Xie Chuanjiao of China Daily wrote the article International laws applied in local IPR cases, read here. Nothing new really, China has this obligation already since April 12, 1986 when it adopted its General Principles of Civil Law .
When China became the 143rd member of the WTO on December 11, 2001, it automatically entered into TRIPs, which is an integral aspect of the WTO agreement. The supremacy of international treaties concluded by or acceded to China which apply to law in civil relations with foreigners is dealt with by article 142 General Principles of Civil Law [1]. It states that where the provisions of TRIPs differ from those in civil laws of the PRC, the provisions of the international treaty shall prevail.

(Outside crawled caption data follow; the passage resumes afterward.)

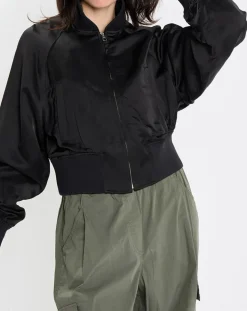 Femme Marc O'Polo Vestes, Blousons^Bomber Aviateur noir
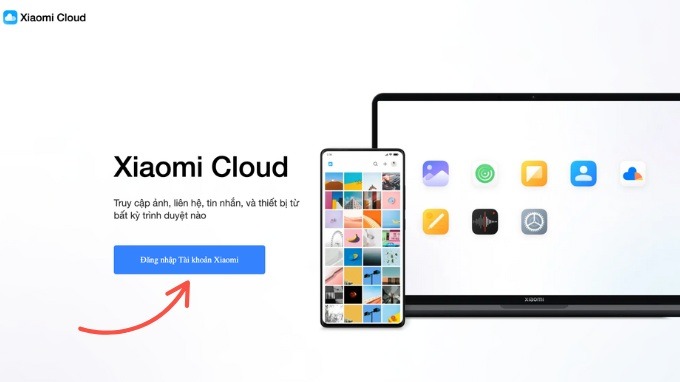 định vị redmi bằng mi account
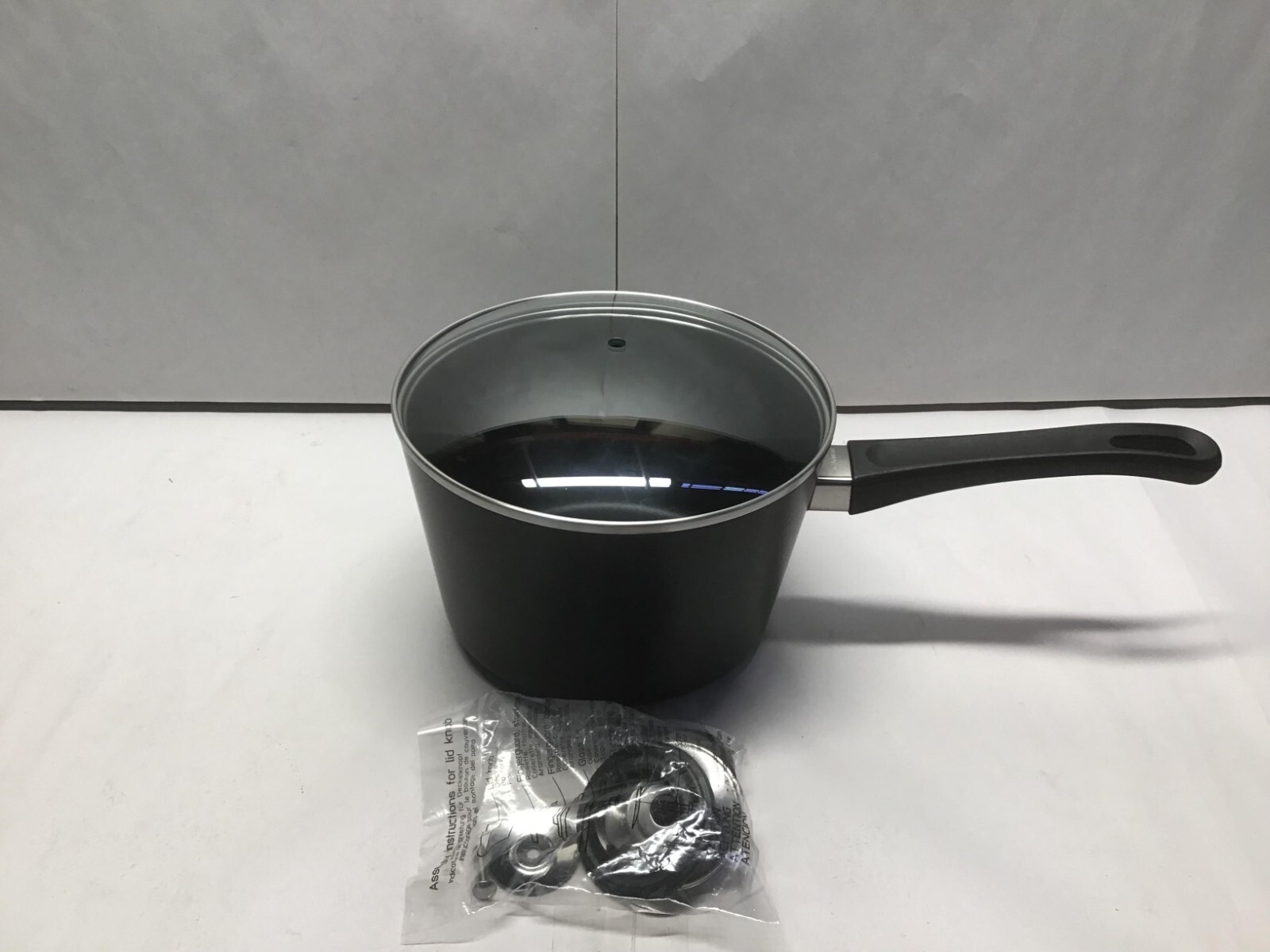 Scanpan Classic Induction Saucepan, 3.25 Qt, Black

Unless it would concern provisions for which China would have made reservations. This is conform Section 2 Vienna Convention on the Law of Treaties [2]. China did not make any such reservation. This means that a foreign plaintiff can cite TRIPs in a lawsuit against a Chinese entity if no domestic legal recourse were available, or if these were in conflict with provisions of TRIPs.
[1] Article 142 General Principles of Civil Law: (..) where the provisions of an international treaty which the PRC has concluded or acceded to differ from the civil laws of the PRC, the provisions of the international treaty shall prevail, with the exception of those articles to which the PRC has made a reservation. (..).
[2] Articles 19-23 Vienna Convention on the Law of Treaties
However, in the last part of the article Xie gave some statistics about the period 2002-2006:
- Chinese courts dealt with 931 IPR cases involving overseas parties, or a rise of 50 percent each year, according to Jiang Zhipei, chief justice of the Supreme People’s Court IPR Tribunal.
- Beijing No 1 Intermediate People’s Court alone ruled in favor of overseas parties in 60 percent of the 670 IPR cases.